The NIAAA (National Institute on Alcohol Abuse and Alcoholism) has recently posted a practical guide for professionals interested in improving their skills in evaluating and treating patients with alcohol problems. The guide is free, is posted on the NIAAA website, and a CME activity based on the guide is available through Medscape (http://www.medscape.com/viewprogram/ 6771). You can also print out a concise pocket guide, though be prepared to reach for a magnifying glass if you want to actually read it. Here are some useful tips for treating alcoholism, adapted both from the NIAAA and other sources.
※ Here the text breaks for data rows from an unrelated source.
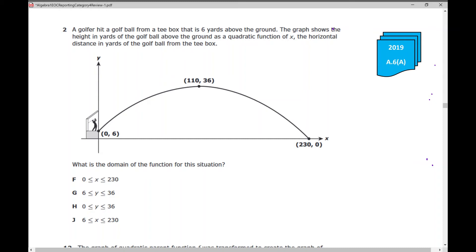Today's video is going to be a review of all questions from Category 4 in the 2019 version of the Algebra 1 EOC for the state of Texas. I'm going to work through test-taking strategies and calculator tips and strategies that will hopefully be helpful for your tests. You will feel 100% prepared because you are prepared and you will do awesome.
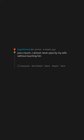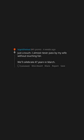Just a touch. I almost never pass by my wife without touching her. We'll celebrate 47 years in March.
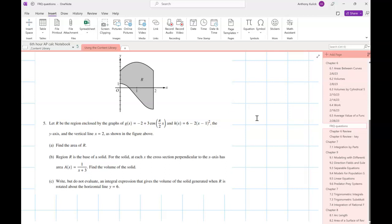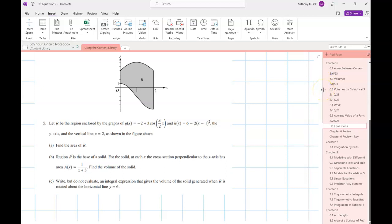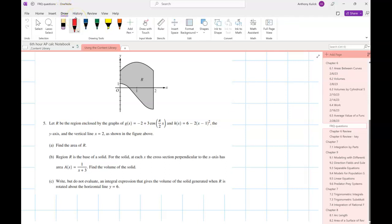Okay, so let's run through this. All of these free response questions are always going to be nine points each. They won't tell you how they divided up the nine points between the parts, but every one is nine points total. For number one, R is the region enclosed by the graphs of g(x) and h(x), the y-axis, and the vertical line x = 2, as shown in the picture. Part (a) asks us to find the area of R — this should have been relatively easy, it's just the area between two curves.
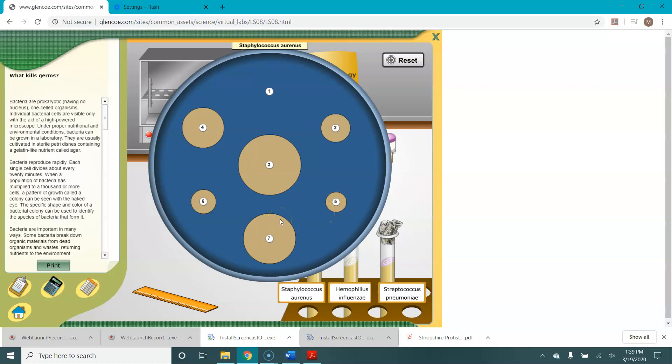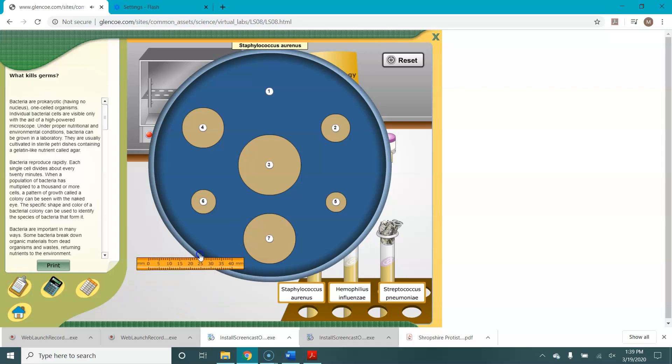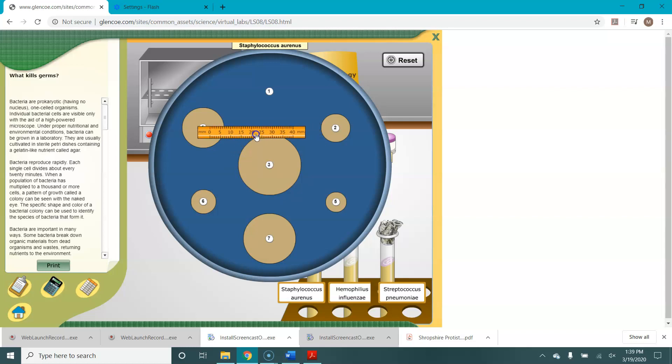So instead of just eyeballing this, we're going to collect some data. We'll do that by selecting this ruler down here and then dragging it up to our agar plate. So to measure these zones of inhibition, what you're going to do is drag the ruler to the edge of the paper disc and then measure from the edge of the paper disc to the edge of the zone of inhibition.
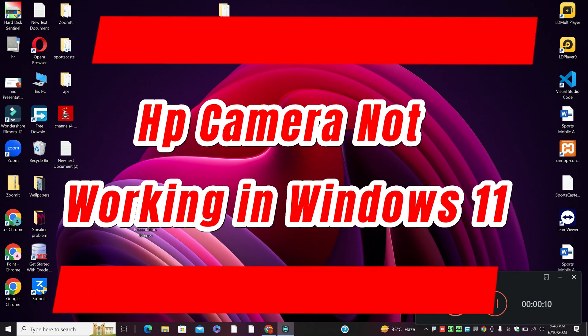Welcome back with another video tutorial. In this video, I will show you HP camera not working in Windows 11.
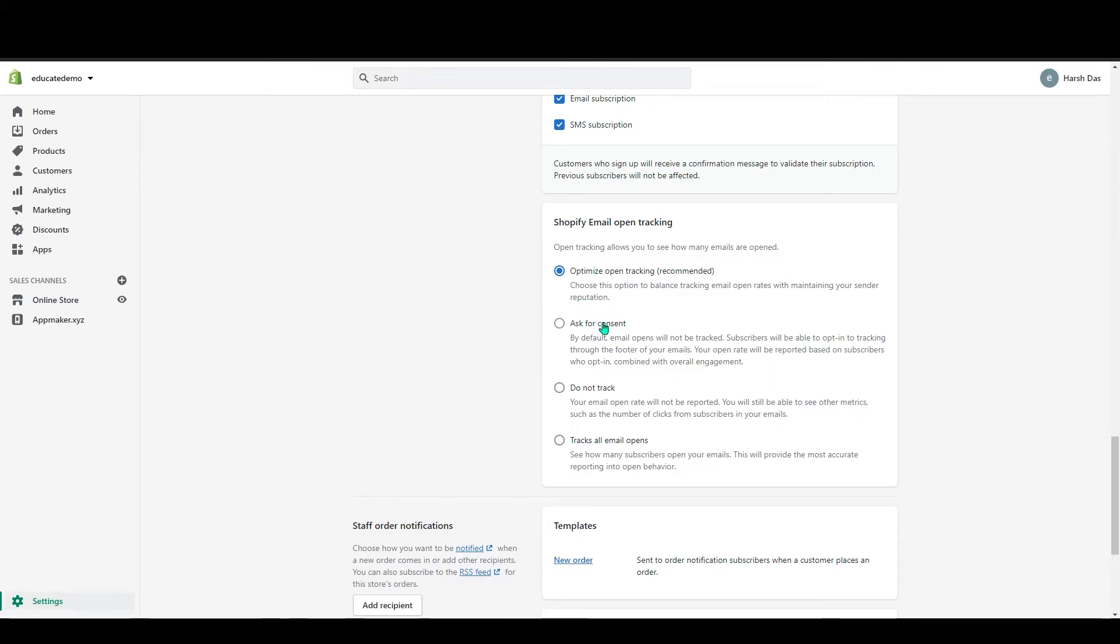And below that you can see ask for consent. So by default, the email will not be tracked. For that, the customer will have to opt in for this option.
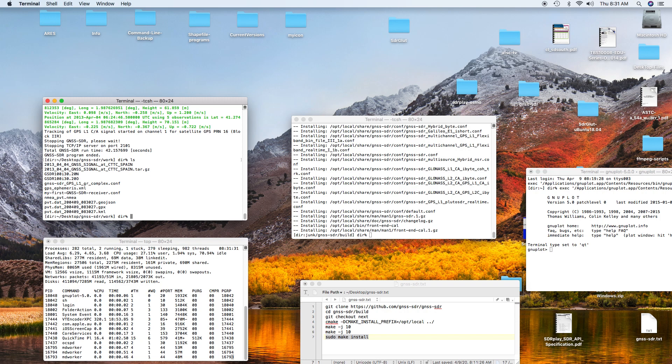And so that's the basic install of GNSSDR on the Mac High Sierra.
1. Ask about quantity of drinking. While DSM-4 does not specify a minimum quantity of drinking required to meet the diagnosis of alcohol abuse or dependence, the NIAAA guide suggests that you ask about specific threshold amounts. Patients who exceed the thresholds are at much higher risk of developing drinking problems, according to epidemiological studies. Males should drink no more than 4 standard drinks per day and no more than 14 drinks per week; women should drink no more than 3 drinks per day and no more than 7 per week. The pocket guide includes a useful chart clearly defining the sizes of “standard drinks.” For example, a standard drink of table wine is 5 ounces, and there are 5 such drinks in a typical wine bottle.
2. Assess whether there is a DSM-4 alcohol use disorder. For alcohol abuse, you are looking for evidence that drinking has caused any kind of significant problem, such as physical harm, relationship or work trouble, or legal issues. For alcohol dependence, you can use my mnemonic “Tempted With Cognac” to assess for the presence of Tolerance (needing to drink more to achieve the same high), Withdrawal symptoms, or loss of Control over drinking (continued drinking despite problems). The NIAAA booklet has a handy checklist to guide you through the official criteria.
3. Make an anti-drinking statement. If you diagnose an alcohol use disorder, or if the patient is drinking beyond the thresholds, you should state your concerns in no uncertain terms: “You’re drinking more than is medically safe…you need to cut down.” Ask about motivation: “Are you ready to commit to cutting down your drinking?” The booklet cites evidence that brief physician advice helps patients cut down. In one trial, patients assigned to brief physician advice drank significantly less than patients in the control group, even when followed for 4 years (Fleming MF et al., Alcohol Clin Exp Res 2002;26:36-43).
4. Come up with a decrease drinking plan. These suggestions are based on a harm reduction model, rather than an abstinence model such as that of AA.
• Encourage patients to keep track of their drinking on a 3 X 5 index card they can keep in their pocket.
• Come up with specific and realistic goals, such as a 10% to 20% reduction in drinks per week.
• Encourage patients to schedule a day or two every week as a no drink day. Encourage them to eat before drinking, which will reduce alcohol absorption.
• Help them identify triggers to drinking and strategies to avoid them. If the trigger is coming home after work, potential strategies include: go to the gym first; keep no alcohol in the house; drink a smoothie or other nonalcoholic treat right away.